§ TASK INPUT
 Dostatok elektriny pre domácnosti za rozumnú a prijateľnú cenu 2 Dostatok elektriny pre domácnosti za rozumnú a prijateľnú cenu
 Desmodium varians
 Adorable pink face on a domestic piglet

...

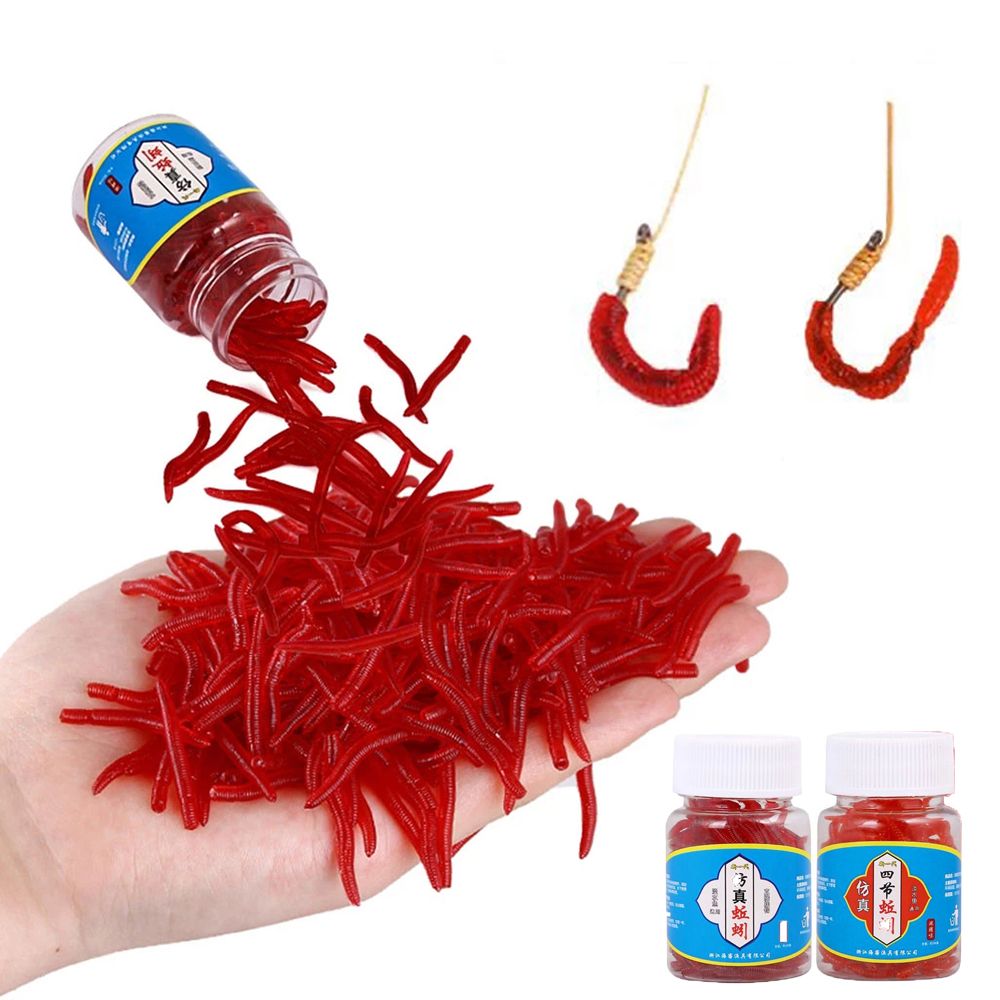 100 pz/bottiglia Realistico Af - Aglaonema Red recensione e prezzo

==

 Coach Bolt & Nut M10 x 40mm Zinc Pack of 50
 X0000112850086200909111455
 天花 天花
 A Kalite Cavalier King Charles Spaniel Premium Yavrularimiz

§ HOW TO COMPLETE THIS TASK
With the line holding "Coach Bolt & Nut M10 x 40mm Zinc Pack of 50" as the first and the line holding "A Kalite Cavalier" as the last, please transcribe exactly the lines of the material above in that range and nothing else.

§ TASK ANSWER
 Coach Bolt & Nut M10 x 40mm Zinc Pack of 50
 X0000112850086200909111455
 天花 天花
 A Kalite Cavalier King Charles Spaniel Premium Yavrularimiz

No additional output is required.